The war ended in 1856 a few months
after the Russians were forced to evacuate the city of Sevastopol
which had been under siege by the forces of Britain, France and
Ottoman Turkey for a year. The Russians destroyed the fort at
Sevastopol before they evacuated but apparently not all of the
city's cannons were destroyed and a number fell into British hands.
These were shipped to England where they remained for a number of
years until it was decided to distribute them to municipalities
throughout the Canadian colonies.
Galt, as a strong supporter of the
Empire and as the largest municipality in Waterloo County, was
chosen to receive one of the "Russian guns". In November 1864
Galt Council received a letter from the Governor-General Viscount
Monck "ordering that one of the Crimean Guns be presented to the
Town of Galt".
Such a gift, of course,
could not be refused and Council was grateful when the manager of the
Great Western Railway offered to transport the 24 pound cannon with a
six inch bore from Hamilton wharf to Galt free of charge.

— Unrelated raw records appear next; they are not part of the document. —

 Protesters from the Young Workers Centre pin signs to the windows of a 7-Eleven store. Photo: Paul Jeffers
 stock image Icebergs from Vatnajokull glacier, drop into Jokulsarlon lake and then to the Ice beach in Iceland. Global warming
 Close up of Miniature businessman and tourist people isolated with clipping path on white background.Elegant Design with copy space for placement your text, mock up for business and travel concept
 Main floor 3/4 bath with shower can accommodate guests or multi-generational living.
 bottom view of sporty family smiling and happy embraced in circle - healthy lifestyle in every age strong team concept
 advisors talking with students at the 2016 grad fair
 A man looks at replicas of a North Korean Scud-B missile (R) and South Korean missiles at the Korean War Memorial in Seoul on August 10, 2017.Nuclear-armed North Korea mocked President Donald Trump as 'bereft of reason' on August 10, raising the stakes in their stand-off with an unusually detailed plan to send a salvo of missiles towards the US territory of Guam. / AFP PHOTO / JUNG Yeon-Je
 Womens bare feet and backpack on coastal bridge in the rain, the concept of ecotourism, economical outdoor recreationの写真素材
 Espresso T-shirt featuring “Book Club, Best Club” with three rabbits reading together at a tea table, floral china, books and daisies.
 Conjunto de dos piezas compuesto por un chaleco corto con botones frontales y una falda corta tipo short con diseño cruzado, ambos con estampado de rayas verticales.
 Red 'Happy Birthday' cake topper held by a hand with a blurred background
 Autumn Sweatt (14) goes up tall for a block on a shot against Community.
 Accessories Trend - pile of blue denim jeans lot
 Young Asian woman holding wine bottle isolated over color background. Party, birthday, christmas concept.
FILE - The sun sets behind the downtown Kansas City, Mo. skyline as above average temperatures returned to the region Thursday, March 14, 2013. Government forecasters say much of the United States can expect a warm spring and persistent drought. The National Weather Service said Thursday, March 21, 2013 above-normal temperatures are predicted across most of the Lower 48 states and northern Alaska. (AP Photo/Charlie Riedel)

The
cannon was not long arriving and the local press announced on
December 2, 1864 that the "Russian gun has been removed from the
railway station and now stands awaiting its carriage in the
centre of Queen's Square. It attracts considerable attention".
It is not clear what part, if any,
the "Russian gun" played in the Victoria Day celebrations of 1865
but plans for the 1866 celebrations to mark Queen Victoria's 47th
birthday called for quoits, boat races, horse races, an Art
Exhibition sponsored by the Mechanics Institute and, at 12
o'clock "a Royal Salute of 21 guns will be fire from the
According to a contemporary
account of Victoria Day, May 24, 1866 "dawned must auspiciously.
The weather was delightful and everything betokened a day of
amusement such as Galt never before witnessed". The Town bells
began pealing at 6:00 a.m. and soon people were gathering for
the day's activities. Quoits began at 9:00 a.m. and the boat
and horse races went off well.
As noon approached final
preparations were made for the firing of the cannon which
had been moved from Queen's Square to the Cricket Ground "near
the face of the hill overlooking the dam". The firing of
the cannon had been delegated by the Gun Committee to Mr.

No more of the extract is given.